The change value of irreducible water saturation D swc, the change value of residual oil saturation D sor, and the change multiple of ratio of endpoint relative permeability can be respectively determined by

$$D_{\text{swc}} = S_{\text{wc}} - S_{\text{wc0}}$$
(11)
$$D_{\text{sor}} = S_{\text{or}} - S_{{{\text{or}}0}}$$
(12)
$$R_{\text{kr}} = {{K_{\text{rwo}} } \mathord{\left/ {\vphantom {{K_{\text{rwo}} } {K_{{{\text{rwo}}0}} }}} \right. \kern-0pt} {K_{{{\text{rwo}}0}} }},$$
(13)

where K rwo is the ratio of endpoint relative permeability, K rwo = K rwro/K rwro, and S wc0S or0K rwo0 are the initial irreducible water saturation, residual oil saturation, and ratio of endpoint relative permeability, respectively.

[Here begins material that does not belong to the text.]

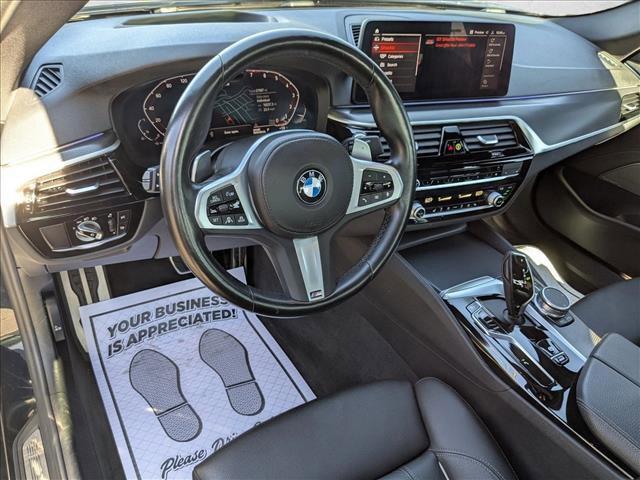used 2022 BMW 540 car, priced at $41,991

Different from the modification of porosity and permeability on every grid, the relative permeability curve selected for simulation is modified at every time step of calculation.

Simulation procedure

Although the change mechanisms of reservoir parameters (porosity, permeability, and relative permeability curve included) are complex, the variability of these parameters has some internal relation with each other. Based on microscopic network simulation and reservoir numerical simulation, a new simulation method is proposed, which considers the synergetic time-variability of reservoir parameters in macroscopic and microscopic scales. Procedures of simulation consist of

  1. 1.

    Macro-parameters such as porosity, absolute permeability, and relative permeability are used as constraint conditions to generate the microscopic network model of oil–water two-phase flow.

  2. 2.

    Based on network simulation, the change relationship between reservoir macro-parameters and micro-parameters is studied. A comprehensive model describing the variability of reservoir macro-parameters is proposed using a statistical analysis technique, namely the relationship of change multiple of porosity R ϕ , change value of irreducible water saturation D swc, change value of residual oil saturation D sor, change multiple of ratio of endpoint relative permeability R kr , and change multiple of permeability R k .

  3. 3.

    Establish a reservoir simulator for macroscopic numerical simulation, and input the petrophysical parameters, the initial relative permeability curve, the initial reservoir parameter field, and the production performance.

  4. 4.

    The relationship between the change multiple of porosity and the scour pore volume multiple is built using a secondary variation pattern.

  5. 5.

    The procedures that need to be accomplished at every time step of reservoir numerical simulation can be summarized as follows: (1) calculate the scour pore volume multiple of injected water; (2) calculate the change multiple of permeability R K with Eq. (5); (3) calculate the average permeability change multiple of all grids. On this basis, using the comprehensive model of reservoir macro-parameters, calculate the change value of irreducible water saturation D swc, the change value of residual oil saturation D sor, the change multiple of ratio of endpoint relative permeability R kr , and modify the relative permeability curve as a whole; (4) modify permeability of every grid and recalculate conductivity; (5) calculate the change multiple of porosity according to the comprehensive model of reservoir macro-parameters, meanwhile, modify porosity of every grid considering the influence of compressibility on porosity, and then modify the distribution of fluid saturation considering the material balance; (6) solve the pressure and saturation equation.

  6. 6.

    Investigate the influence of reservoir parameters’ variation on oilfield development rules by considering the synergetic time-variability of permeability, porosity, and relative permeability curve.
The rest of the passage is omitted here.